Торопливо  выбравшись из камышей, он уплыл  на середину Дона, лег на спину, раскинул руки, закрыл глаза. Течение стремительно уносило его все дальше и дальше от заповедных камышей, где зеленоглазая девчонка стройной загорелой ножкой пробовала воду. И это ее движение, и гладкая смуглая кожа, и  крепкие грудки под белой маечкой – все это так  удивляло и радовало, и тревожило его, что, не выдержав этого наплыва чувств, он  нырнул в прохладную глубину  верткой рыбиной, скользил по-над дном, сколько хватало дыхания,  а задохнувшись - выскочил из воды,  жадно глотал знойный воздух, обжигая губы и легкие  солнечным ветром,  и заорал  от переполнявших его чувств  лихим молодецким криком.

Очень быстро отец понял, что он для Тамары, Томушки,  только товарищ. Это было горькое открытие. И с тех пор горечь тонкой, пока еле заметной морщинкой хмурила лоб, напоминала о себе ноющей болью в сердце. Он научился жить с этой болью, стерпелся. Только стал чуть молчаливее.  Чуть строже. «Взрослеет», -  понимающе вздыхала мать.  Она и не догадывалась, что сын  не просто повзрослел,  он, чутко прислушиваясь к себе,  выбрал для  себя путь , непосильный и не понятный  очень многим мужчинам. Лишь некоторым  из них  то ли в награду, то ли в наказание дан этот удивительный редкий дар - верность.  И несут по жизни эти избранные  судьбой мужчины  любовь к одной женщине, словно стяг. Не сдаваясь. Не роняя.
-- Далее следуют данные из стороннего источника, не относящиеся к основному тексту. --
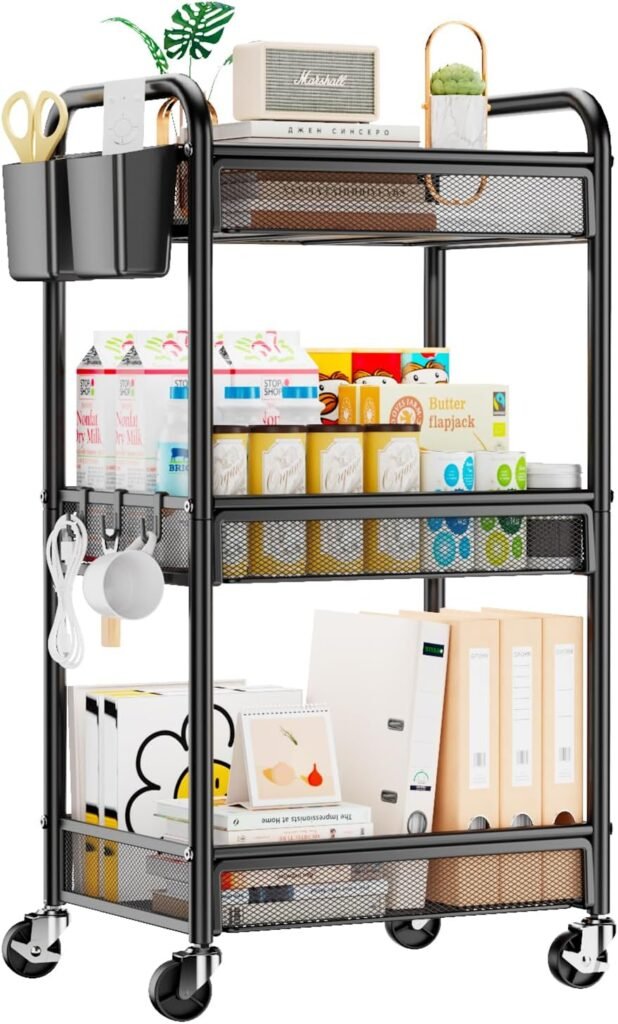 Black three-tier rolling utility cart with wheels for extra kitchen storage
Зачем наделяет их  Господь такой внутренней силой, такой горячей любовью, словно  в огне ее закаляли, а  огонь так и остался в сердце гореть и плавить  все чувства воедино? Что  они должны поведать миру? Бог весть!  Но есть в этом  цельном, верном служении одной любви, одной на всю жизнь женщине и великая загадка, и великое очарование.

Друзья посмеивались: «Сашок, ты никак, в монахи записался? Посмотри, сколько девчонок вокруг! Только мигни! В очередь выстроятся!»  Друзья  не преувеличивали.  Отец был по-настоящему красив, особенно когда вошел в мужскую пору. Сейчас бы сказали, красив, как голливудская кинозвезда. В его присутствии женщины оживлялись и  зазывно смеялись длинным загадочным смехом.  Он же только отшучивался. И упрямо надеялся.  Бабушка  сокрушалась: «Дождусь ли внуков?». Отец отводил глаза и молчал. Что он мог ответить?

Он ждал маму десять лет! Десять лет  надежды и сумасшедшей веры.  Представляю, как дрогнуло его сердце,  когда совершенно случайно узнал из письма сестры, что Тамара уже несколько лет, как ушла от мужа. Он не сомневался ни минуты. В решающие  моменты он всегда был человеком действия. Он приехал в Воронеж убежденный, что теперь-то  никому не отдаст свою Тамару. Судьба  подарила ему шанс, и он не собирался его упускать. 

Родители никогда не рассказывали, о чем они говорили на том судьбоносном свидании. А я не расспрашивала.  Понимал ли отец, что мама  его не любит, когда звал ее замуж? Конечно, понимал. Но был уверен, что сумеет завоевать любовь и мамы, и мою. В его сердце скопилось так много нежности и тепла, чтобы согреть одинокую обиженную женщину и ее ребенка.  Он собирался увезти своих обретенных любимых девочек на журавлиный остров, он был уверен – остров  принесет  счастье. И остров не подвел.


21 июля, моему отцу исполнилось бы 90 лет. 16 лет назад он ушёл из жизни, но осталась память.И непреходящее чувство благодарности.